Die Formulierungen ähneln sich: „Unser Gehirn steuert unsere Gefühle“, „unser Gehirn tut dies und das“: ich und mein Gehirn. Manchmal frage ich mich, wer da noch alles bei mir zu Hause ist...

Mal ehrlich: Sind Sie schon mal einem Resultat der Hirnforschung begegnet, das Sie wirklich überrascht hat? Ich habe mal einen Neurowissenschaftler sagen hören: „Die Hirnforschung hat bis heute NICHTS herausgefunden, was Philosophie und Psychologie nicht schon lange wissen.“ Kleine Pausen steigern die Produktivität; wir können auch im höheren Alter noch etwas lernen; Empathie gibt es – na so was.

Da gibt es eine Hirnregion, die macht dies, eine andere ist zuständig für jenes. Herausfinden tut man das, in dem man z.B. Probanden mittels Magnetfelder Strom durch die Schädeldecke ins Hirn jagt und dann schaut, wie es da leuchtet – Dank sei den bildgebenden Verfahren. Okay, ich bin kein Fachmann, aber wenn Sie mich trotzdem fragen, scheint mir das den Differenzierungsgrad einer Streubombe zu haben. Das Erklärungspotential solcher Heransgehensweisen hat Heinz von Förster vor fünfzehn Jahren kommentiert – ich habe nicht den Eindruck, als hätte sich viel geändert.

Sollte ich vielleicht mit meinen Kunden eher morsen statt sprechen?

Dabei sind es gar nicht die Hirnforscher, die den Hype schüren, oder nur wenige. In einem Artikel von elf führenden Neurowissenschaftlern finde ich folgende Passage: „Aller Fortschritt wird aber nicht in einem Triumph des neuronalen Reduktionismus enden... Die Hirnforschung wird klar unterscheiden müssen, was sie sagen kann und was außerhalb ihres Zuständigkeitsbereichs liegt, so wie die Musikwissenschaft...zu Bachs Fuge Einiges zu sagen hat, zur Erklärung ihrer einzigartigen Schönheit aber schweigen muss.“

Nein, der Hype um die Neurowissenschaften hat meines Erachtens ihren Grund darin, dass wir nicht aufhören zu hoffen, die Welt sei linear kausal erklärbar und es möge jemand geben, der uns genau sagen kann, wie es ist.

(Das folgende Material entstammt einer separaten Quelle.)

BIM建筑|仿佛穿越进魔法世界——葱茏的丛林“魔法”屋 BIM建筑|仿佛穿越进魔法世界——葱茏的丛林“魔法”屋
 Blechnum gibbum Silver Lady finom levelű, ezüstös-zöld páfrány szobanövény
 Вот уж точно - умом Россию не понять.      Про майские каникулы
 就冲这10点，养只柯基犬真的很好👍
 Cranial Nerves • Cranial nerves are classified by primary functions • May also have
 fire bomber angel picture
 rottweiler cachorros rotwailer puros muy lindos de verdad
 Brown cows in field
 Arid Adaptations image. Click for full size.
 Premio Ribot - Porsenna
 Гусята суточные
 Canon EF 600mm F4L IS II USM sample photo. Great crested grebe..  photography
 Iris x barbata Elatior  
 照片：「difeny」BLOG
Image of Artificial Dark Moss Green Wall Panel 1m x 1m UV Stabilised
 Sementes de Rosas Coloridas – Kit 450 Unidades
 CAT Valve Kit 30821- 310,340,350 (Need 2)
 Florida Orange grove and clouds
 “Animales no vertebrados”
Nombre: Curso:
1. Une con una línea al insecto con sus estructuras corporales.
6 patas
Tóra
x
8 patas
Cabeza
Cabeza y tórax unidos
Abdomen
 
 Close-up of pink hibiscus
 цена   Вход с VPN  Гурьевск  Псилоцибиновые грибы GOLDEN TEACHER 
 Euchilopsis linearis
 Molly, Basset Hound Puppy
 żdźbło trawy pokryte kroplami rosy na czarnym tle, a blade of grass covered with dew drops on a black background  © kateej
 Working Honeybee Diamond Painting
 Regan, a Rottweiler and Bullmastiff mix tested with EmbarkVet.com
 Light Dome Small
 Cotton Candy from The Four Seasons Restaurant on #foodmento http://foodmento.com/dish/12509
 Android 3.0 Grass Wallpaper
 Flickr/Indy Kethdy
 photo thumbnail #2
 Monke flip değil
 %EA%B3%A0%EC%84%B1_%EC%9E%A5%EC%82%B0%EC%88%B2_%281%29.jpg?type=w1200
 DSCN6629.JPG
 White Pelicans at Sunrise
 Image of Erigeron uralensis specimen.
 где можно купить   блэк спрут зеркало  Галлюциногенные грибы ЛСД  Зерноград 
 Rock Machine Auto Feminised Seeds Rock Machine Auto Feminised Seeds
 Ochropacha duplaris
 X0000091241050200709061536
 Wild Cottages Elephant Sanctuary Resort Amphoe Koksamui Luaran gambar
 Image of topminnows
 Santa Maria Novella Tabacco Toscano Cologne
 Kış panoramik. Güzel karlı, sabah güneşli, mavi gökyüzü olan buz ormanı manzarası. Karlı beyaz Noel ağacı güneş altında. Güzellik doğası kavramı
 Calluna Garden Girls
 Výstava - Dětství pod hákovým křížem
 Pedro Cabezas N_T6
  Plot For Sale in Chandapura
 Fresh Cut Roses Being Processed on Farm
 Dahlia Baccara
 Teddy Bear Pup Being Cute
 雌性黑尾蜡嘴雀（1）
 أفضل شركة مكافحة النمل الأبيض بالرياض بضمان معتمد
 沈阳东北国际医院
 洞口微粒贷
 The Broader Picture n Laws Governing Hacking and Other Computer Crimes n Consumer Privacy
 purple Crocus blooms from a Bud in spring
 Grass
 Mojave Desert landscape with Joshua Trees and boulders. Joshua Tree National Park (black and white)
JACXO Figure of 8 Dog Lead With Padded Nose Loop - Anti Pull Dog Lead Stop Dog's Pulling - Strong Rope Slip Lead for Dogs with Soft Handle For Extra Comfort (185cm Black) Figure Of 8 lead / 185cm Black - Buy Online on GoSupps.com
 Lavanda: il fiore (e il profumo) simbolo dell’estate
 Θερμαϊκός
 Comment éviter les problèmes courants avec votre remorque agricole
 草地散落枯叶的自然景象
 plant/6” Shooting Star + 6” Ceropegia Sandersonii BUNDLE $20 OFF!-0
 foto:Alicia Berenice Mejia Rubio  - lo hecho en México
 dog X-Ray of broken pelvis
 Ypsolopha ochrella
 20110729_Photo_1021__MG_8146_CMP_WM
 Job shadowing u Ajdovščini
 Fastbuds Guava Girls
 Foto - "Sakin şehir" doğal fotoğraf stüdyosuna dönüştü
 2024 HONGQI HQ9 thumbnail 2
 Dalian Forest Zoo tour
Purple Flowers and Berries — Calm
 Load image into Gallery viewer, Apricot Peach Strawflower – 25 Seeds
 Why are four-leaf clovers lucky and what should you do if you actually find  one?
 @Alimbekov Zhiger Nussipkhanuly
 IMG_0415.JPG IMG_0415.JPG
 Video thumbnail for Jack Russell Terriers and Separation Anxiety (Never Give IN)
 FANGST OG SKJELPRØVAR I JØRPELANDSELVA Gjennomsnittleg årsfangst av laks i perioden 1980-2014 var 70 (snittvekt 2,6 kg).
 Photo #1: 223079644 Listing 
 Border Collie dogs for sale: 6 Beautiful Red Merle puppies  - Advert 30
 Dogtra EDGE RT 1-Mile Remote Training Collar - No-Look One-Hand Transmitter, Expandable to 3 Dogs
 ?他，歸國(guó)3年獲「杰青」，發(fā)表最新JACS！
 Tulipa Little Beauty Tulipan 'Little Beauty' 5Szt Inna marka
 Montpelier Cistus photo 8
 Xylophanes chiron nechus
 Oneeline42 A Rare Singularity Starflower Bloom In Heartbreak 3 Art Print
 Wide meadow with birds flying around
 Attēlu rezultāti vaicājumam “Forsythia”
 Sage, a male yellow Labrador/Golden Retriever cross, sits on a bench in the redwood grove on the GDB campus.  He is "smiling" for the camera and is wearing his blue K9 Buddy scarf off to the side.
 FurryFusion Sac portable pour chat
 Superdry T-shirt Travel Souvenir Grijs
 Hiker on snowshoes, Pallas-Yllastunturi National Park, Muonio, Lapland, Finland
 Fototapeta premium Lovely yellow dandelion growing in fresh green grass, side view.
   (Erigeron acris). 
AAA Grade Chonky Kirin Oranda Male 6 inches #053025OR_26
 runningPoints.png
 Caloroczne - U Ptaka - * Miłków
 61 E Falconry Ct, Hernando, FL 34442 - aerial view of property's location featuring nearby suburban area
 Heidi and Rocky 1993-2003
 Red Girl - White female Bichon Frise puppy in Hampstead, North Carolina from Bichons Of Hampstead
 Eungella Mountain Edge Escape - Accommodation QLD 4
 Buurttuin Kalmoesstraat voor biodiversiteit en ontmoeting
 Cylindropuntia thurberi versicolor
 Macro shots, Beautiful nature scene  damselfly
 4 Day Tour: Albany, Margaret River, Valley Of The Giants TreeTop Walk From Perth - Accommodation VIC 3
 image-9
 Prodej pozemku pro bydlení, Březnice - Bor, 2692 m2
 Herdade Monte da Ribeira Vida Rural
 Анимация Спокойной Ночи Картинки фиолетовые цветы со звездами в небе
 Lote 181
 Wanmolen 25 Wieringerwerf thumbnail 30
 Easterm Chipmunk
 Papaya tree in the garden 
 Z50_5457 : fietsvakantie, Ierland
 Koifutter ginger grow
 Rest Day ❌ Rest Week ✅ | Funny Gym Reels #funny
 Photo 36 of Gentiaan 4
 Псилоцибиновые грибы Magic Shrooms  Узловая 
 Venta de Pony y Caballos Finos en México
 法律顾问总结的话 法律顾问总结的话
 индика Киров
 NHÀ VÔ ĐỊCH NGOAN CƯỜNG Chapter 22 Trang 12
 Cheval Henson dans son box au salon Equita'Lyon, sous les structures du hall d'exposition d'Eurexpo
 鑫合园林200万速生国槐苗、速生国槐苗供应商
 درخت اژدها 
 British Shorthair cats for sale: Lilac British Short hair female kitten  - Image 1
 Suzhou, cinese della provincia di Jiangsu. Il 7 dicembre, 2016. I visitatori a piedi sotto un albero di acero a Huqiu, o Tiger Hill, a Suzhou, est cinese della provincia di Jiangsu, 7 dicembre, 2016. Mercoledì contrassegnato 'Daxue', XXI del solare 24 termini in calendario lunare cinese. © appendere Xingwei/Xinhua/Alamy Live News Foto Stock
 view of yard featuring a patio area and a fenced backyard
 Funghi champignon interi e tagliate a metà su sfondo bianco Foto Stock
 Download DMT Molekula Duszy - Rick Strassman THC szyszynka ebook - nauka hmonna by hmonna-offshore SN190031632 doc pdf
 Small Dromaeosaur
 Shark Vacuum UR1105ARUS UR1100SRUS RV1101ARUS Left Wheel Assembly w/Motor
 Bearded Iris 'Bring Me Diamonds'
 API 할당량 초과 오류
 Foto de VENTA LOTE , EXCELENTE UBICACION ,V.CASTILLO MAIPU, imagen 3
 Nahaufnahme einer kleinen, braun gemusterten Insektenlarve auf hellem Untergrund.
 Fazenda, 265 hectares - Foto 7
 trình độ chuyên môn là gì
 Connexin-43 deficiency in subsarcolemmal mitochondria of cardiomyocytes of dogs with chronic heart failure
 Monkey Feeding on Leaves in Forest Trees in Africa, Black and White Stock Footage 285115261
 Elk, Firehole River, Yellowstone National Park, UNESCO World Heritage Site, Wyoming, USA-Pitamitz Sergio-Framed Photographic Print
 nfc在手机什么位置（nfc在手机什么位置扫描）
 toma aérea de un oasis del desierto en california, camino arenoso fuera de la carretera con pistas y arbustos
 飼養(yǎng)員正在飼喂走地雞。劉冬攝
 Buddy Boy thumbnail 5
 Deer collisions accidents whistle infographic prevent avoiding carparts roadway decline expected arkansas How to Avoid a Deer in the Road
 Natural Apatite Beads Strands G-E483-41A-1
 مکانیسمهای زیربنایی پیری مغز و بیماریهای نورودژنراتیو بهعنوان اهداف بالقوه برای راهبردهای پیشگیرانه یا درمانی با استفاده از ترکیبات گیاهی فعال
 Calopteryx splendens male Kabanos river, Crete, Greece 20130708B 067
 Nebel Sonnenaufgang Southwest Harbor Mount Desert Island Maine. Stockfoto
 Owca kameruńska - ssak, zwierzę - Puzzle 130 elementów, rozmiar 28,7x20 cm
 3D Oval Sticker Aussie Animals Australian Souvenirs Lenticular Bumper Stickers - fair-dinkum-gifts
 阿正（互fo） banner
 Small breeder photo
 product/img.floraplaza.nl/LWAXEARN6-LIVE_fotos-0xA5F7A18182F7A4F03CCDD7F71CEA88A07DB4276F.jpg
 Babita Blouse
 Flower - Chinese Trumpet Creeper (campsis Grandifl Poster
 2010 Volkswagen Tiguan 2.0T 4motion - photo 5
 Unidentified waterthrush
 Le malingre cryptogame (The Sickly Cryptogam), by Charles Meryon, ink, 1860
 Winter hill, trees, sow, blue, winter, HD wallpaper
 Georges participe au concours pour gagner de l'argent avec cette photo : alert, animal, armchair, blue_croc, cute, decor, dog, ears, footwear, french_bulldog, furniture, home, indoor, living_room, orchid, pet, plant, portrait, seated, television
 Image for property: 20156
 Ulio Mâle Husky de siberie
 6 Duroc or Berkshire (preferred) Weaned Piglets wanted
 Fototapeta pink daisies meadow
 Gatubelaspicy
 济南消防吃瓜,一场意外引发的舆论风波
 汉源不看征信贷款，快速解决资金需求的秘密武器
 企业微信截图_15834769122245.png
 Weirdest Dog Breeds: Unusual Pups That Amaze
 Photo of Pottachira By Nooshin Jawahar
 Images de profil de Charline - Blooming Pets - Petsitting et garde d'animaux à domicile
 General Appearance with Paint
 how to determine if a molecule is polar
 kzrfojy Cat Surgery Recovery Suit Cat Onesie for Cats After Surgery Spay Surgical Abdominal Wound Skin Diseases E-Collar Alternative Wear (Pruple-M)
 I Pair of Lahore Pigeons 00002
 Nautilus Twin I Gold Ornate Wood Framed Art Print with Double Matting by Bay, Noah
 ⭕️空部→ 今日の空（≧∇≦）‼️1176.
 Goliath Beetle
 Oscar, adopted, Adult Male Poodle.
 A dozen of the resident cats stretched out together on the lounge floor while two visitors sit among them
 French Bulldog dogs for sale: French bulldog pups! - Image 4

Ich glaube aber nicht, dass wir uns mit der Entwicklung der Hirnforschung auf einer Gerade befinden, deren Extrapolation direkt auf den Stein der Weisen trifft, sondern auf einer Asymptote – die sich ihrem Objekt stetig nähert, es aber niemals erreicht. Waren Sie schon mal neuronal berührt? Ich finde, wenn es darum geht, etwas über uns selbst herauszufinden oder über unsere Organisationen, geben die Geisteswissenschaften mehr her. Wer mit Organisationsentwicklung nicht wartet, bis die Hirnforschung das alles bestätigt hat, spart viel Zeit.